Exercise directions:
No picture should appear in the copy. Transcribe exactly, and only, the lines from the one with "VECCHIO PONTE 100%" through the last line of the data below.

Given data:
+++

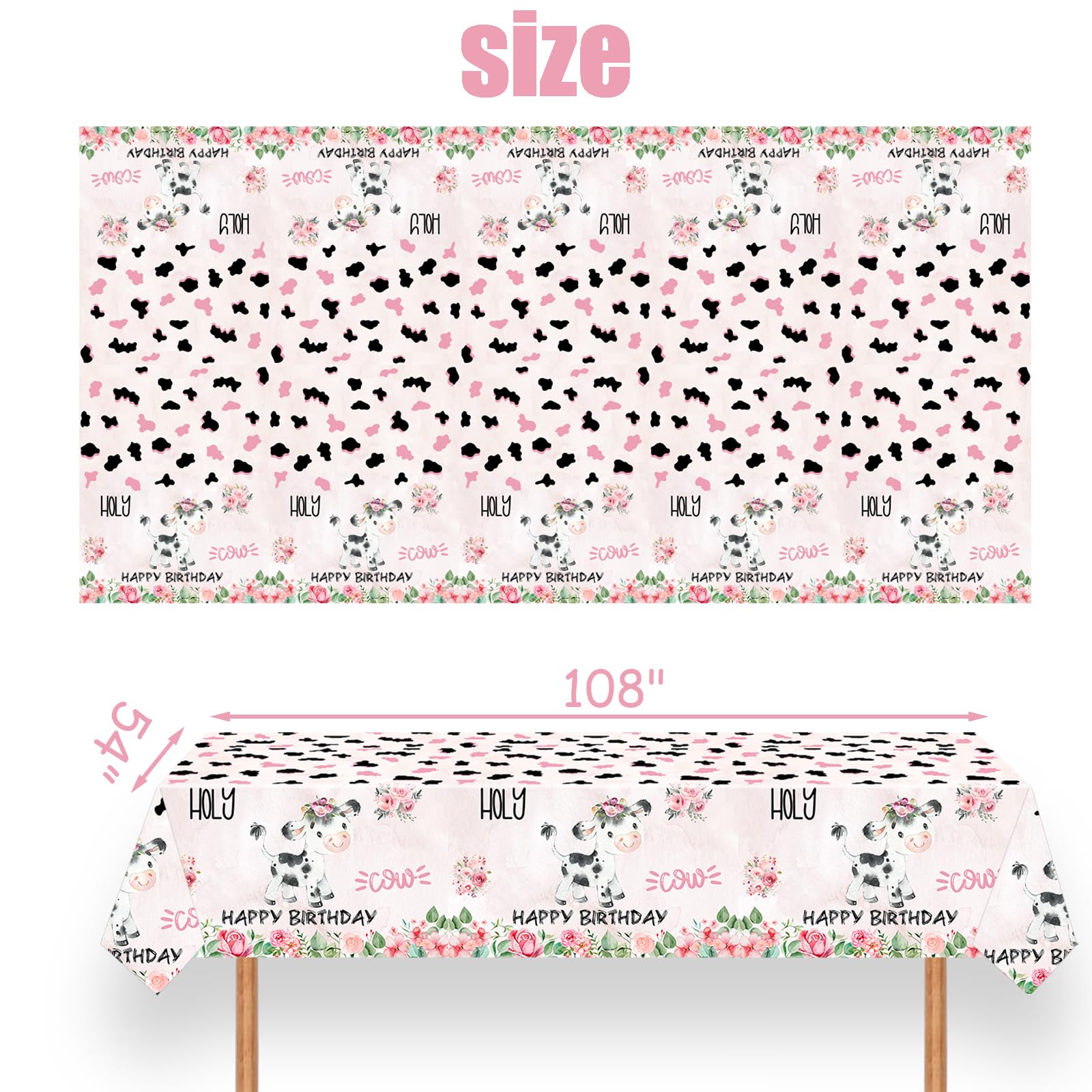 Letromp large 54x108 inch tablecloth covers long tables with vibrant pink cow design.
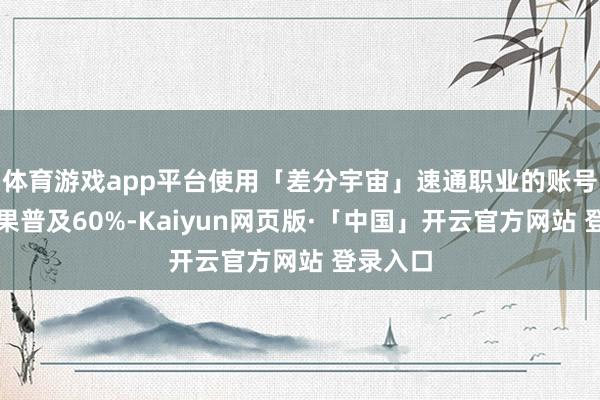 体育游戏app平台使用「差分宇宙」速通职业的账号通关后果普及60%-Kaiyun网页版·「中国」开云官方网站 登录入口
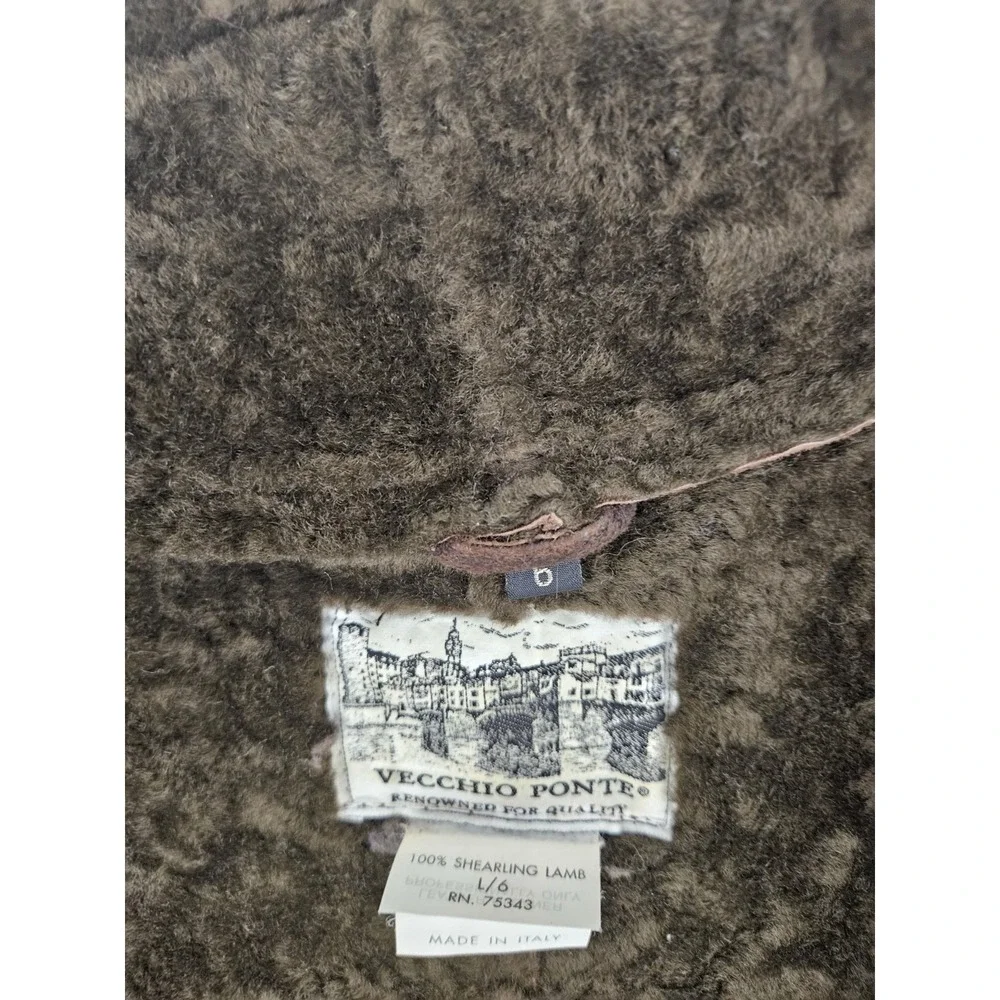 VECCHIO PONTE 100% Shearling Lamb Leather Jacket Sz 6 Made in Italy - Picture 6 of 8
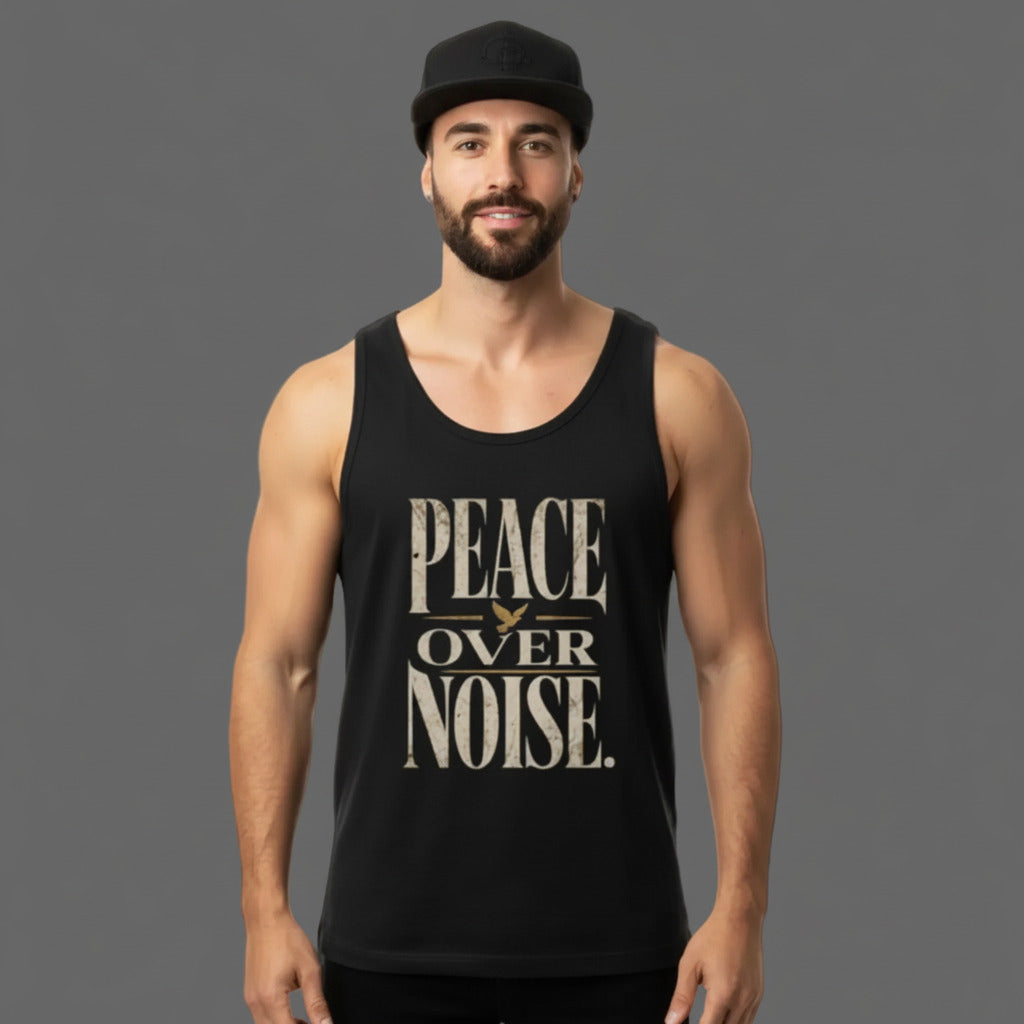 Classic Tanktop in schwarz mit „PEACE OVER NOISE“-TORIPROS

+++

Solution to this task:
 VECCHIO PONTE 100% Shearling Lamb Leather Jacket Sz 6 Made in Italy - Picture 6 of 8
 Classic Tanktop in schwarz mit „PEACE OVER NOISE“-TORIPROS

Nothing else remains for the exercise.